** MATERIAL SHOWN follows **
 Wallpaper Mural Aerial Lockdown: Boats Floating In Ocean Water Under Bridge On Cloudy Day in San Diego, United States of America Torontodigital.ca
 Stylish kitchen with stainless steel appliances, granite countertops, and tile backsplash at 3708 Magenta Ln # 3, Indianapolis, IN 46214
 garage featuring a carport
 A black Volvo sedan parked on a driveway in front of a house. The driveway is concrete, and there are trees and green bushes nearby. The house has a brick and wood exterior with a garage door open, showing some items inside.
** End of MATERIAL SHOWN **
** MATERIAL SHOWN follows **
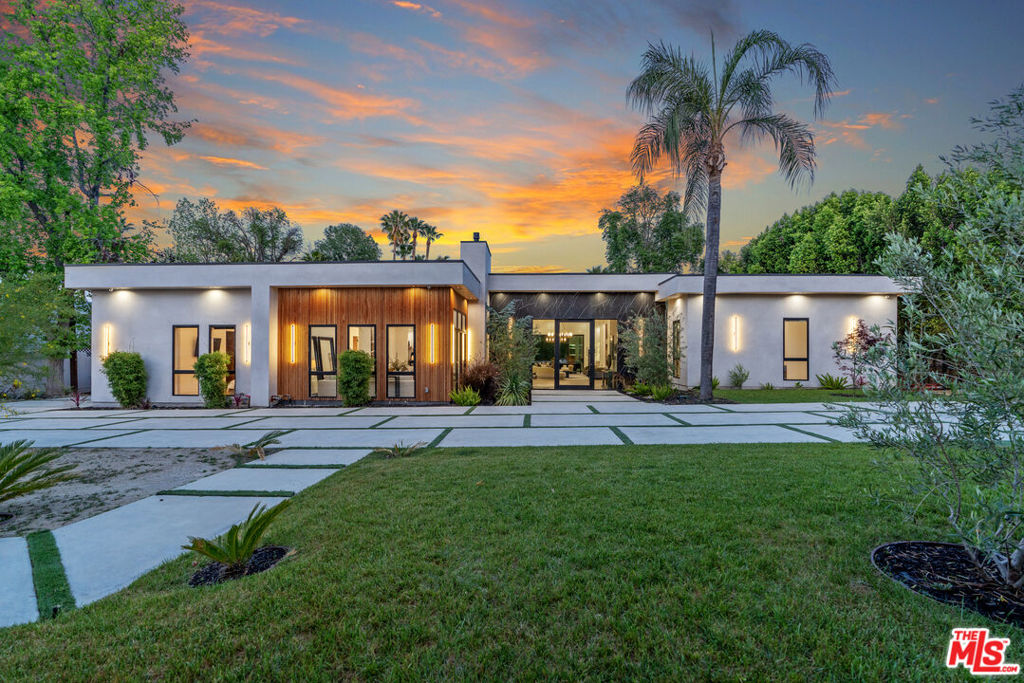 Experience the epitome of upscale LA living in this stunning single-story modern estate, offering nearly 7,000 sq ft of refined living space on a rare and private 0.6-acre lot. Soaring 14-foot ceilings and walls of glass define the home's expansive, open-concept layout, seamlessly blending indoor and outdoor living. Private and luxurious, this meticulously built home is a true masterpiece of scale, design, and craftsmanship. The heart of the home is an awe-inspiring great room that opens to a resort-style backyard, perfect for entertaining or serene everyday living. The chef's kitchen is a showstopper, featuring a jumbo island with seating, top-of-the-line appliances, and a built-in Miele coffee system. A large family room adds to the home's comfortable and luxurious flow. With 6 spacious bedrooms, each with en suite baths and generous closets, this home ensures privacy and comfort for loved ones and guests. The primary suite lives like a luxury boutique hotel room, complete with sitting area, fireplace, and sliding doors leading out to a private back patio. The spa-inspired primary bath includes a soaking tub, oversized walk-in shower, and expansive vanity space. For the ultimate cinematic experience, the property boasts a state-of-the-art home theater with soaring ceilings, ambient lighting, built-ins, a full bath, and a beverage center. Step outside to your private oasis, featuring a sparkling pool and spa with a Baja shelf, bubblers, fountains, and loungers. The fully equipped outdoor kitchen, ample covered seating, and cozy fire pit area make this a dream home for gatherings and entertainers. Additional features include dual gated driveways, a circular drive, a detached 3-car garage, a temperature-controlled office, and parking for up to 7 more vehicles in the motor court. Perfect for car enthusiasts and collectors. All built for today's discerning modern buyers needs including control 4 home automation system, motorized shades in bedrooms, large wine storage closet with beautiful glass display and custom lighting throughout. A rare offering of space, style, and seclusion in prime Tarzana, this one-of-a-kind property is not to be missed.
** End of MATERIAL SHOWN **
** MATERIAL SHOWN follows **
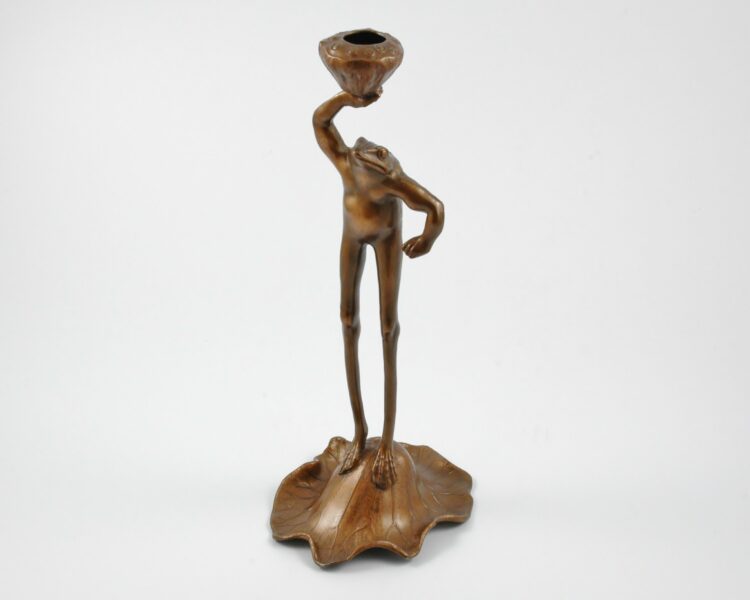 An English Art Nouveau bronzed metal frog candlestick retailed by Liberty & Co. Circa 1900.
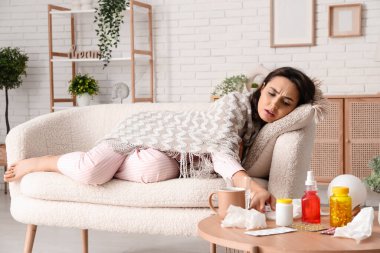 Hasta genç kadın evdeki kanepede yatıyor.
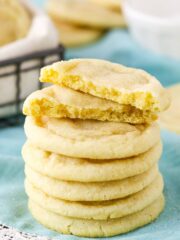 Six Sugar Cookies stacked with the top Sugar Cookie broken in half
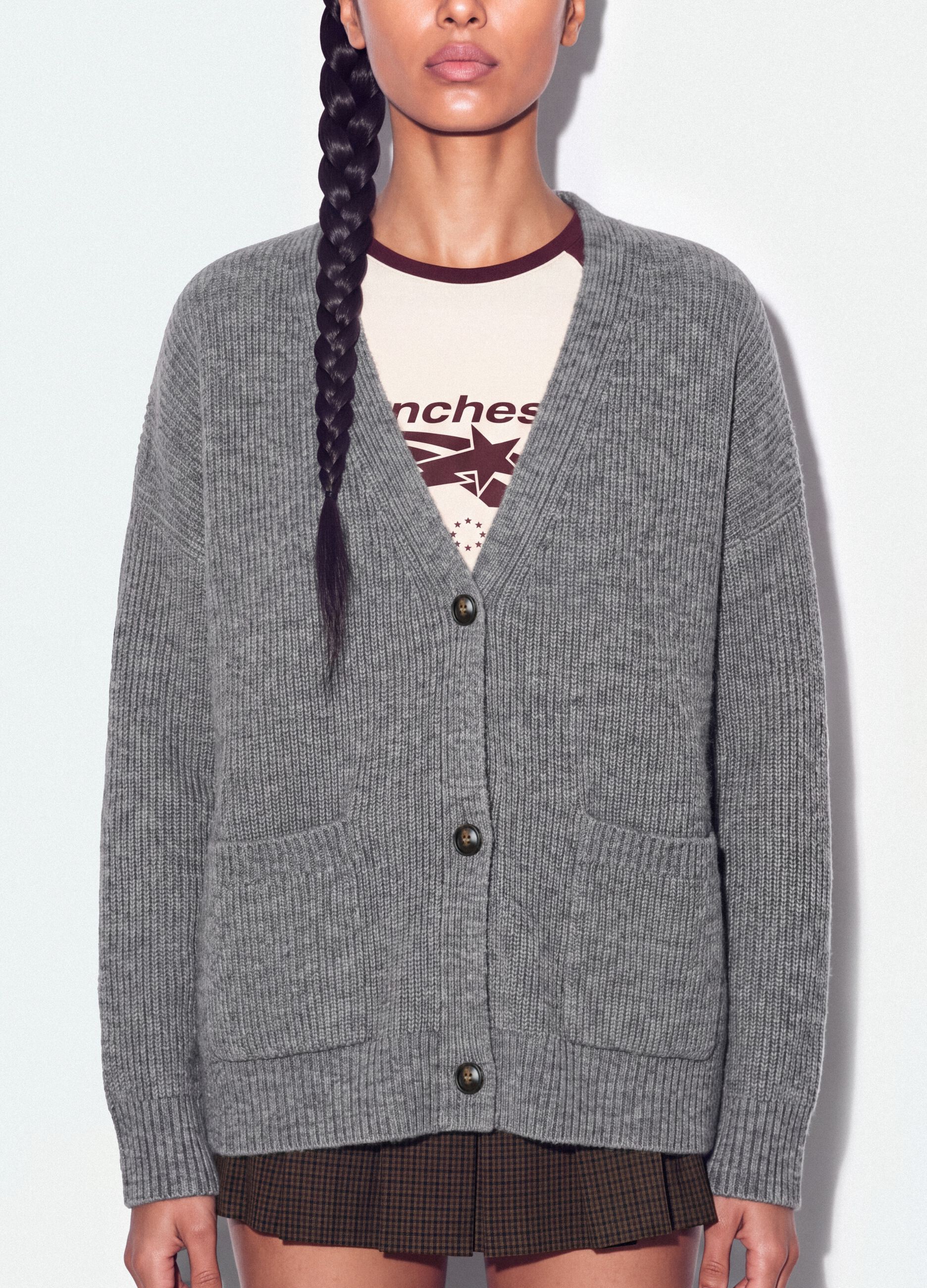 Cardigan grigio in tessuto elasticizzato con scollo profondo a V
** End of MATERIAL SHOWN **
Above is a listing; print exactly its lines from the one with "Stylish kitchen with" through the one with "A black Volvo", and no other lines.

 Stylish kitchen with stainless steel appliances, granite countertops, and tile backsplash at 3708 Magenta Ln # 3, Indianapolis, IN 46214
 garage featuring a carport
 A black Volvo sedan parked on a driveway in front of a house. The driveway is concrete, and there are trees and green bushes nearby. The house has a brick and wood exterior with a garage door open, showing some items inside.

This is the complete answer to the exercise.